De resultaten laten zien dat er geen sprake is van significante verandering van de mate van motivatie voor de totale groep deelnemers aan de afstudeerkringen in de vergelijking van motivatie bij aanvang van het studiejaar en halverwege het studiejaar en dat de motivatie positief is. In eerdere jaren bestond de indruk dat de motivatie afnam, die tendens is nu niet waarneembaar en ook de a-motivatie, het niet gemotiveerd zijn is laag en wijzigt niet in de loop van het studiejaar. Ook blijkt dat oorzaken voor het motivatieverloop in positieve zin zijn, ‘de voortgang van het werk’, ‘de waarde van de groep‘, ‘feedback van studenten’ en ‘het leren van elkaar’ en in negatieve zin ‘externe oorzaken’. In de codegroepen is bijna uitsluitend positief gescoord voor ‘doelgerichtheid en de vordering van de taak’, en voor het ‘inhoudelijke leren’. De kenmerken van de afstudeerkringen dragen allemaal positief bij aan de motivatie, waarvan kenmerk 3 en 5 de meeste invloed hebben op het motivatieverloop in de tijd. Kenmerk 3 is ‘In de bijeenkomst wordt de voortgang besproken van ieders afstudeerwerkstuk en er wordt gewerkt aan de onderzoeksvaardigheden en aan passende inhoudelijke thema’s’ en kenmerk 5 is ‘Er is sprake van rolwisseling studenten; studenten krijgen begeleiding, maar zijn ook medebegeleider van hun medestudenten en geven elkaar feedback’.

Uit bovenstaande kan geconcludeerd worden dat afstudeerkringen zorgen voor ondersteuning van motivatie van de student. Verder kan geconcludeerd worden dat studenten waarde hechten aan doelgericht werken aan voortgang van hun afstudeerwerkstuk en graag met de inhoud en onderzoeksvaardigheden bezig zijn, het geven van onderlinge feedback en de groep als motiverend ervaren.

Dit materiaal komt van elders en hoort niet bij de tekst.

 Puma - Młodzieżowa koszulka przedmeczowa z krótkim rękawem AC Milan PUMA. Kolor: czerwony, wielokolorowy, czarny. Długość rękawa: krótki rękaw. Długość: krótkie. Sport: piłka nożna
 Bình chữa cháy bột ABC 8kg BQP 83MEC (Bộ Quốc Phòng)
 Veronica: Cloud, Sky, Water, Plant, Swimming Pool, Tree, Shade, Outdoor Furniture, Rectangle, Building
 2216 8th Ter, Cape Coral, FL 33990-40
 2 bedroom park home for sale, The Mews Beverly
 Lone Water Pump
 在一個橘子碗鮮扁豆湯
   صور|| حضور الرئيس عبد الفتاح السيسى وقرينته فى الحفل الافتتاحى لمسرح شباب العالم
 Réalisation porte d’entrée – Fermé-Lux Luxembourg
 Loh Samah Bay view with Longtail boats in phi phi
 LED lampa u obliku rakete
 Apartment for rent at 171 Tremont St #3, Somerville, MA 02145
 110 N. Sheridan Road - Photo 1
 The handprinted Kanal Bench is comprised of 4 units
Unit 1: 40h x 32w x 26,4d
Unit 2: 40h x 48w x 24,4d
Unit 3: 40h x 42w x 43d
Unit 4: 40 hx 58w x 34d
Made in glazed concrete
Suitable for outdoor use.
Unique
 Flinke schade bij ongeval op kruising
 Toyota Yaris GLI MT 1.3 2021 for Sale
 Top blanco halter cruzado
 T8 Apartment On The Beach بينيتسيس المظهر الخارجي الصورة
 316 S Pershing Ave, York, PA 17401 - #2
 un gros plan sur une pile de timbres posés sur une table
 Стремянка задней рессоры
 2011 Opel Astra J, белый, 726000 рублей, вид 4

Deze conclusies zijn in lijn met de ervaring van Fergusson (2009) die over een thesis writing group meldt dat niet alleen de vaardigheid toeneemt, maar dat ook motivatie en zelfvertrouwen toenemen. Lacombe, McCosker en O’Loughlin (2007) noemen als conclusie in een evaluatie van thesis writing circles de samenwerking tussen peers en het deelnemen in een community als een waardevolle toevoeging op de conventionele begeleiding. Ook zijn een aantal argumenten die Volman & ten Dam (2010) noemen voor het motiverend zijn van Communities of Leearners herkenbaar; gedeelde kennis in de waardering voor peerfeedback; de waarde van de groep voor horizontale interactie. Van de drie psychologische basisbehoeften die motivatie bevorderen volgens de SDT (Ryan & Deci, 2000), komen in deze conclusie competentie en verbinding het sterkst naar voren door de waardering voor inhoud en onderzoeksvaardigheden, krijgen en geven van feedback en het waarderen van de groep.

(16)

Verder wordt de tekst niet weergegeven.